Oil climbs higher on US stockpiles decline & supply disruptions

Private security contractors patrol the U.S. Department of Energy's Stategic Petroleum Reserve in Bryan Mound, Texas. © Donna W. Carson
Crude prices continued gaining on Thursday driven by the unexpected drop in US inventories and supply shortfalls in Canada and Nigeria.

North Sea benchmark Brent was trading at $48.01 a barrel, its highest price since November. US West Texas Intermediate (WTI) reached a six-month high of $46.64 per barrel.

Data from the US Energy Information Administration (EIA) showed that crude inventories fell 3.4 million barrels in the week ending May 6, below analysts’ expectations.
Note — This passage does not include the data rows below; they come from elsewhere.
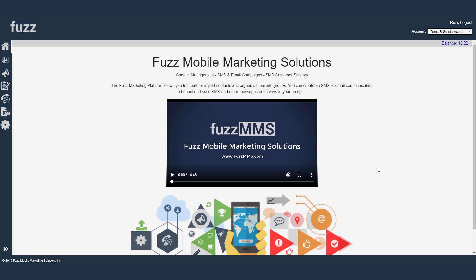Welcome back to Fuzz Mobile Marketing. Today we're going to be looking at configuring an SMS communication channel.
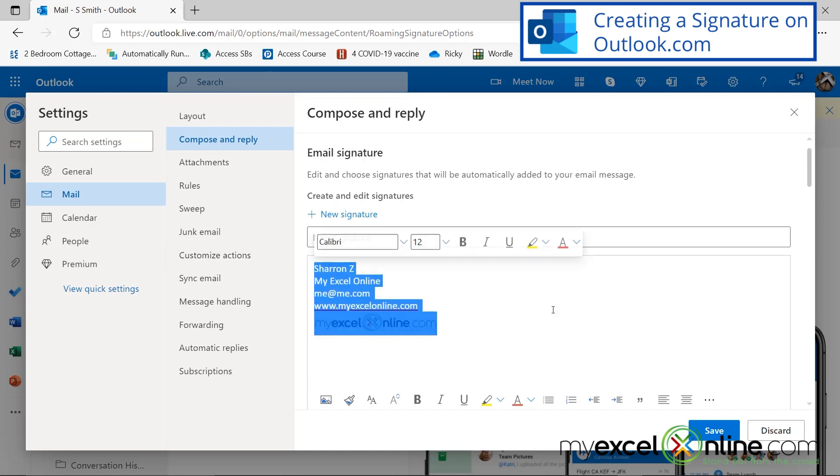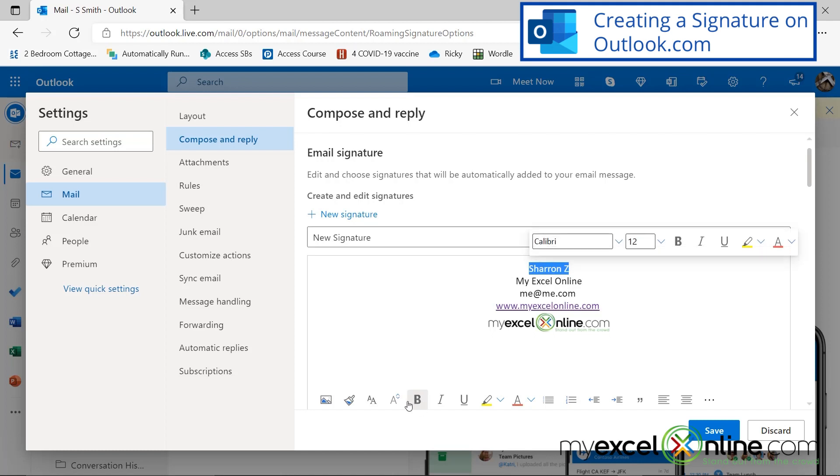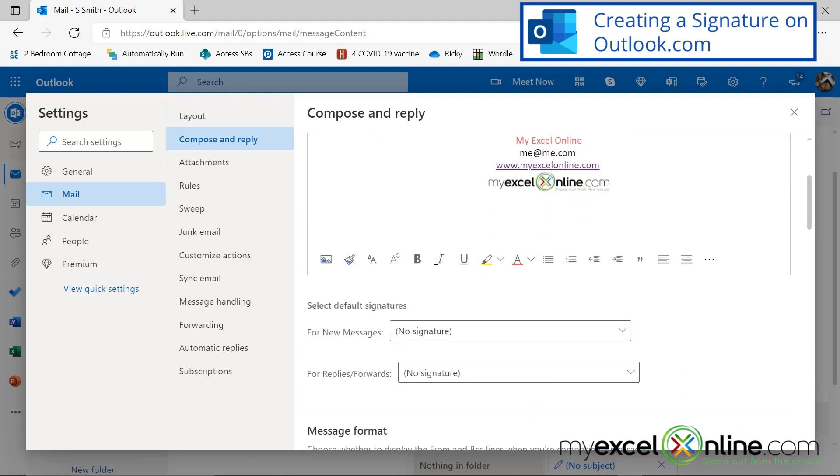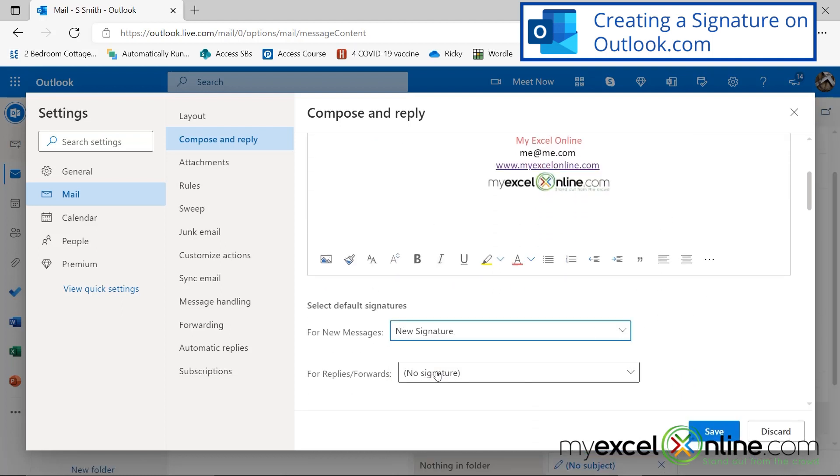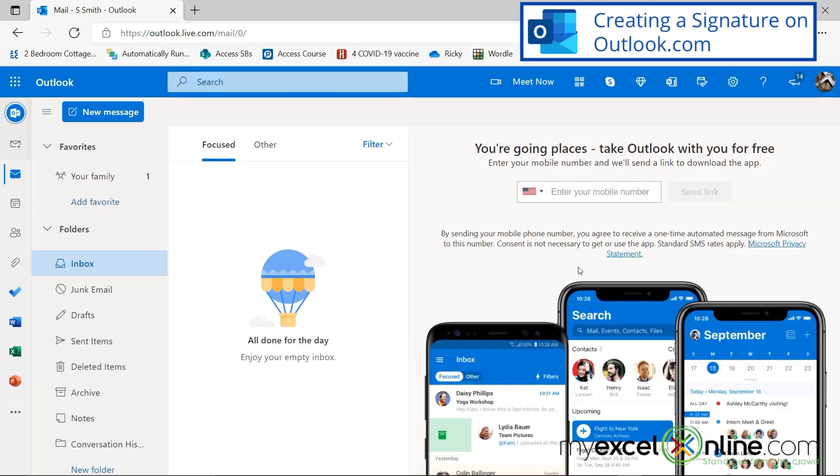And if I wanted to, I could highlight all of that, and I could center that as well. I can still bold, and I can change the color of my text, and I can do whatever other formatting that I would like. And then down here, I want to make sure that I use this new signature for new messages. And when I'm done with that, I can hit save and close out of this window.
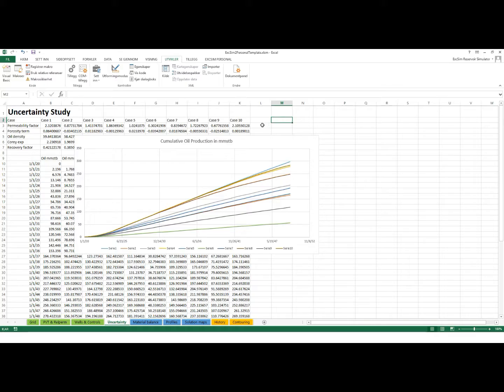Here's what we got — a good range of possible outcomes, with a P50 or middle range at about 200 million barrels in this particular case. I hope this will be a very useful tool. That's all I have for today — I'll come back to you soon with some more interesting videos. Bye-bye for now.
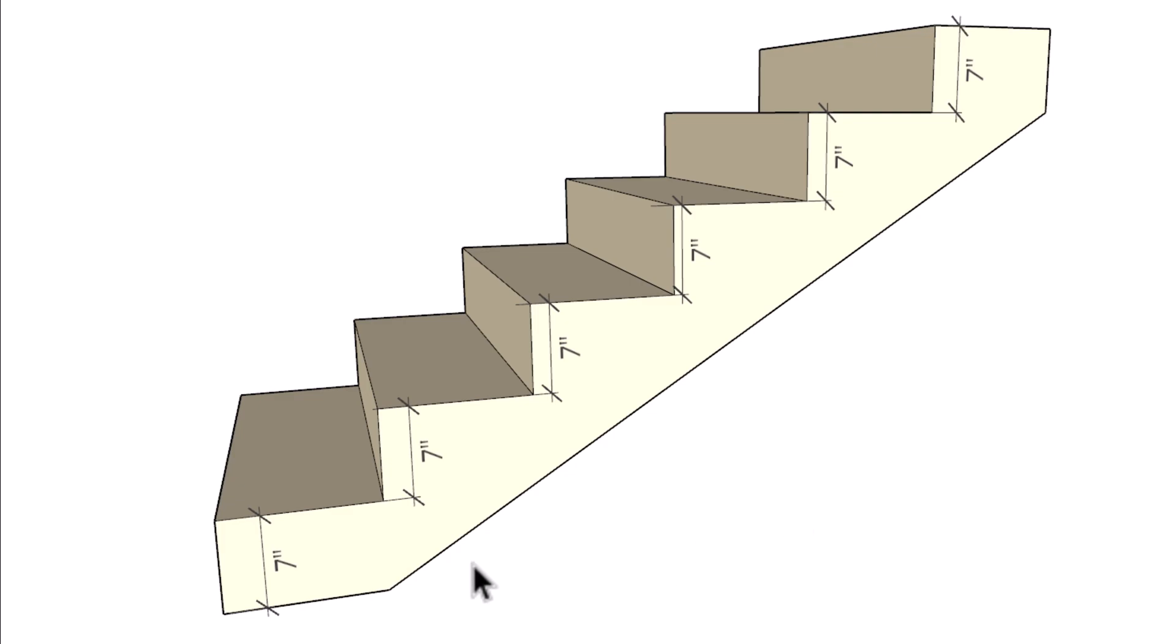Here we have a stairway with the exact same dimension for each riser. And of course this one here would be approved.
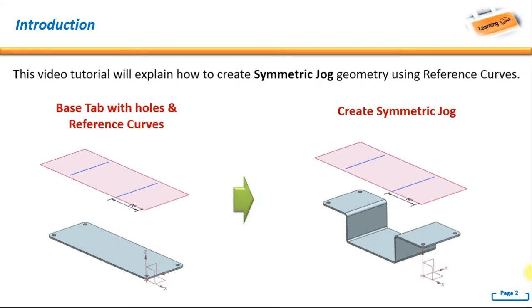Hello, welcome back again to our next tutorial. In this video tutorial, we will explain how to create symmetric jog geometry using reference curves.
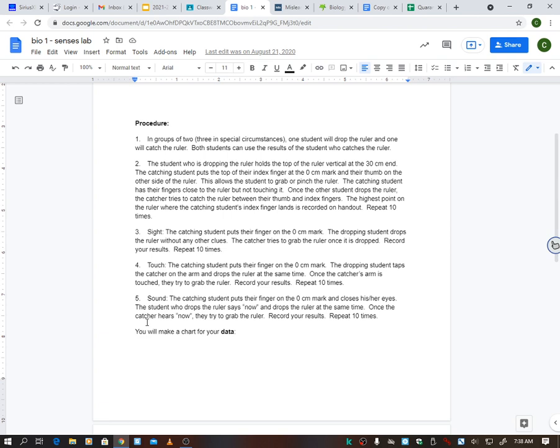Once again, you're doing the same thing. You're seeing where did I catch it—did I catch it on the five centimeter mark? When you start with zero at your fingers, the lower the number, the better your sense. Okay, so you would do that 10 times with sound.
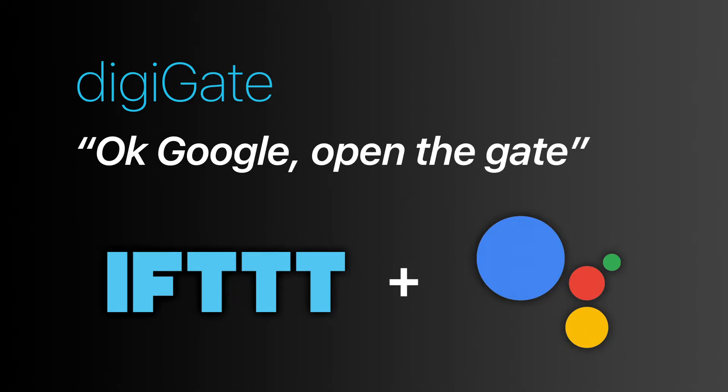Hi, this is Tim from DigiGate, and today we're going to look at setting up Google Assistant phrases with IFTTT.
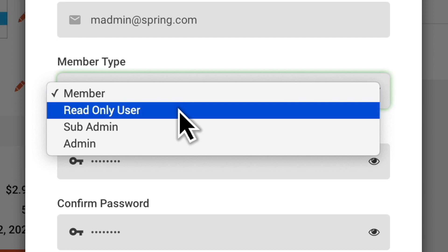Read-only access is designed for HR teams, healthcare providers who are monitoring symptoms, and inspectors or QC team members who may be checking certifications and remote inspections. These users can view all information and sign off on certifications, but can't add or modify data.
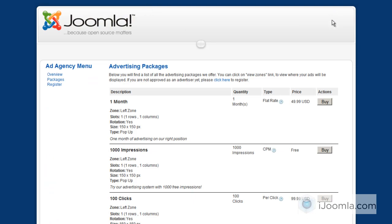Hi everybody, this is Merav, and today I'm going to teach you how to add packages to your Joomla ad agency. Packages are what advertisers buy if they want to participate in your advertising program.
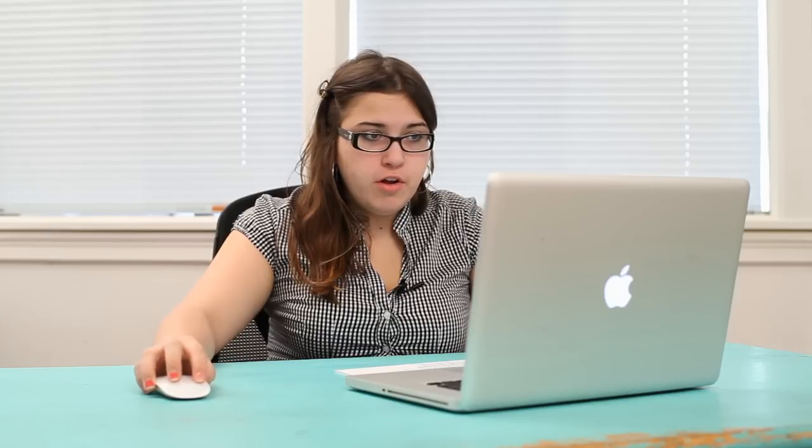Alright, so once you've drawn what you want, in my case I actually haven't drawn what I want so I'm going to just add another little anchor point here and draw the collar.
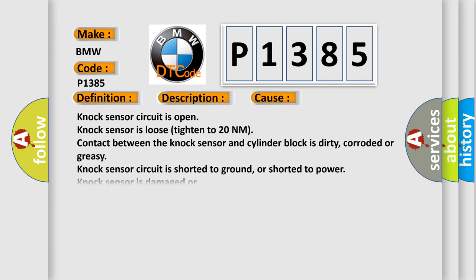This diagnostic error occurs most often in these cases: Knock sensor circuit is open, knock sensor is loose, tightened to 20 nanometer, contact between the NOX sensor and cylinder block is dirty, corroded or greasy, knock sensor circuit is shorted to ground or shorted to power, knock sensor is damaged.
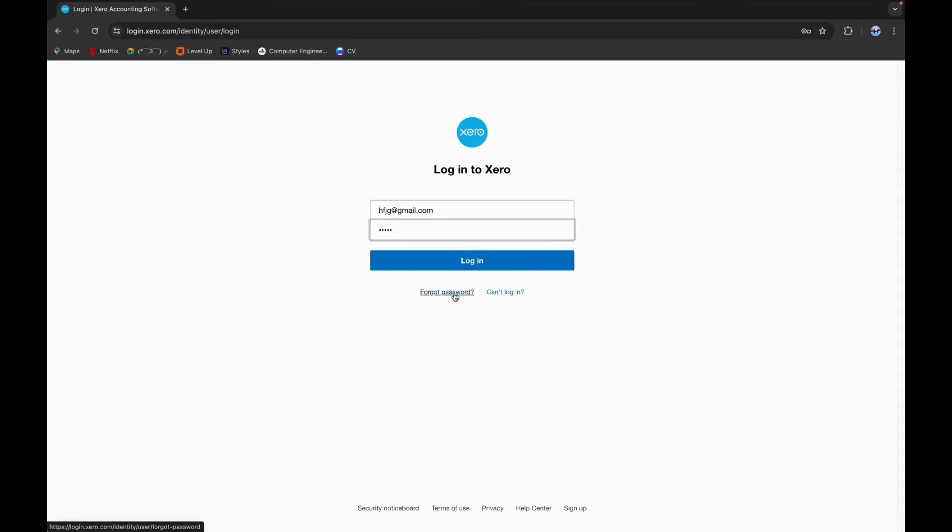If you can't login, you can click here. Now click on login and these are the simple steps that you can follow to login to Xero Finance.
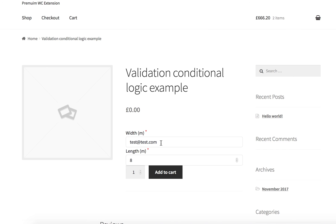Okay, so test@test.com, yes, it's perfectly validated. Okay, thanks. That's all for today. See you.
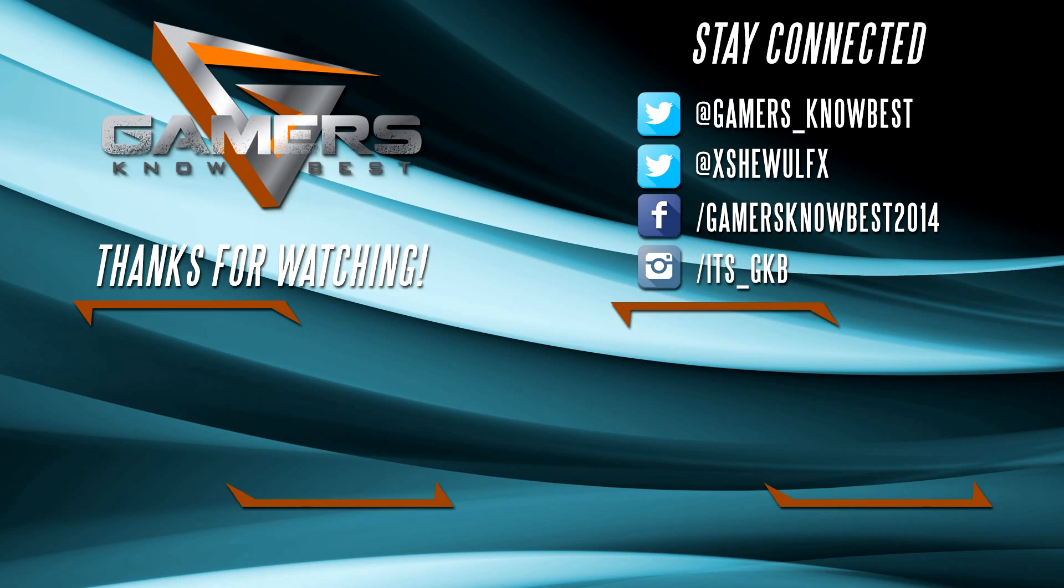Alright guys. So thank you for watching. I hope you liked this video. If you did, please make sure you like and subscribe. And as always, thanks for watching. See you next time.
Gasoline and distillate inventories also declined.

According to EIA, crude output fell to 8.8 million barrels a day last week which is the lowest level since September 2014.

“The trend is pretty clear that gasoline demand is headed for an all-time record in 2016 — and the market is reflecting that,” said Andy Lipow, president of Lipow Oil Associates, a consultancy in Houston, as cited by the Financial Times.

Oil prices were also supported by ongoing supply outages in Canada due to massive wildfires in the country’s oil-rich Alberta Province, as well in Nigeria, where militant attacks on oil facilities have squeezed crude exports.

READ MORE: Alberta wildfires expected to burn for months, threaten oil sands mines (VIDEOS) 

Wildfires in Canada have resulted in an estimated 1.6 million barrels per day (bpd) crude supply shortfall, pushing global disruptions to 2.5 million bpd since January. Producers expect shutdowns to continue for several weeks.

"We were not totally surprised with the draw after the shutdown in Canadian production," Tariq Zahir, trader and managing partner at Tyche Capital Advisors in New York, told CNBC, referring to the EIA report. "But while the fires have taken tar sands production offline, we believe this will not be a prolonged event," he added.

Nigeria’s oil production fell by 140,000 barrels a day to 220,000 barrels a day as a result of a port blockage last week.

Royal Dutch Shell halted exports of Bonny Light crude from Nigeria this week because of a leak on a pipeline. That followed an offshore production platform and export terminal shutdowns in the country. The International Energy Agency said Nigeria produced about 1.7 million barrels a day of crude oil in March which is the lowest level since 2009.

“Prices have broken the resistance and will need further outages to push prices higher,” Stuart Ive, a client manager at OM Financial was cited as saying by MarketWatch.

However, some analysts are not very positive on the recent oil rebound, suggesting the rally may be running out of steam.